I have a worked 22-250, its a Remy 700 that's been blueprinted and wears a shilen. I have a Timney at 1.5lbs. I've been loading a long time and have narrowed down what my rifle likes. I'm no crack shot and I'm shooting at 100 from a bench. I'm having trouble holding the rifle perfectly still. I have a Leupold 6.5x20x50 on it and it is just a hunting rifle but I enjoy shooting and loading. I'm playing around with the pinching method and it seems to help but i'm wondering if my trigger weight is really too heavy for this method? Just wanted some opinions on the different methods used. I guess I just feel like my groups are more my fault than my loads and i'm looking for input. Right now, I'm shooting in the high 3's but i'm wanting .250" consistency....Thanks
 
High 3s with the rifle you describe is pretty great shooting. Not many will do that.

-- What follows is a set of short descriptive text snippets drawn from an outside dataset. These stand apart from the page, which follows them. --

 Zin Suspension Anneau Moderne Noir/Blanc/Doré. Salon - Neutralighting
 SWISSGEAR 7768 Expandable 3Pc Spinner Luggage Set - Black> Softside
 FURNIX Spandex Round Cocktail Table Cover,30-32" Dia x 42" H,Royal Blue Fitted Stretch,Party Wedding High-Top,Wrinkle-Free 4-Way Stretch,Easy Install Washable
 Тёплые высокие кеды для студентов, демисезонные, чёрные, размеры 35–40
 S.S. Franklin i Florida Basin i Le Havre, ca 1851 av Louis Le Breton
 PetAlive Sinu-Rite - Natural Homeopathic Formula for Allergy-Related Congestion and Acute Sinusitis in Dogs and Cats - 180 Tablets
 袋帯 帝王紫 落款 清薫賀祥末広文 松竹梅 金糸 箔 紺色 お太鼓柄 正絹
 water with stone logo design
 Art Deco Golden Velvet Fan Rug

We all would like consistent .250 groups. If you don't have a good set of wind flags they will help more than anything else you can do
 
It really depends on your rifle. My 6BR is best in free recoil and pinched trigger but my trigger is about 4-5 oz but my 30BR requres a death grip on the stock or it will torque quite a bit. Develop a method of aligning front rest and rear bag and if you aren't aligned with the target after the shot have so meone watch you shoot or video your shooting to see what is going on.
 
I started getting better groups when I improved my bench rest shooting equipment, I went from the "sand bag" to the great Sinclair front rest and some quality rear bags. I put a flat three inch front bag rider on the forearm. I put a Nighforce Bench Rest scope on the gun just for group shooting. I started shooting at a smaller aiming point on the target. I started watching the weather report for near calm wind days, Etc, etc. It all helped.
 
I think that you can answer your own question by trying several approaches while dry firing. Keep an eye out for how the cross hairs move (or don't) on the target. There is very little written about dry firing when trying to improve one's bench shooting. It can make a big difference, and will allow you to see things that you will miss during live fire. What sort of rest and bags are you using, and how are you making contact with the rifle? I find it common that shooters think that making as little contact as possible with a factory stocked rifle is the best approach for shooting from a bench. I strongly disagree, but there are rules as to how to shoot holding the rifle, that if violated can open your groups. Although I have some very fancy rest equipment, for the usual sort of rounded factory stocks, I have a home made rest and bag that outshines them all. It is not pretty, but it is superior in function. If you want I can email a couple of pictures. One more thing before I finish. Typically shooters have their front bags too far out on their factory stocks' forends. In most cases they need to be much nearer the front of the action...2-3". I have seen this make a considerable difference when combined with some other technique changes.
 
I think that you can answer your own question by trying several approaches while dry firing. Keep an eye out for how the cross hairs move (or don't) on the target. There is very little written about dry firing when trying to improve one's bench shooting. It can make a big difference, and will allow you to see things that you will miss during live fire. What sort of rest and bags are you using, and how are you making contact with the rifle? I find it common that shooters think that making as little contact as possible with a factory stocked rifle is the best approach for shooting from a bench. I strongly disagree, but there are rules as to how to shoot holding the rifle, that if violated can open your groups. Although I have some very fancy rest equipment, for the usual sort of rounded factory stocks, I have a home made rest and bag that outshines them all. It is not pretty, but it is superior in function. If you want I can email a couple of pictures. One more thing before I finish. Typically shooters have their front bags too far out on their factory stocks' forends. In most cases they need to be much nearer the front of the action...2-3". I have seen this make a considerable difference when combined with some other technique changes.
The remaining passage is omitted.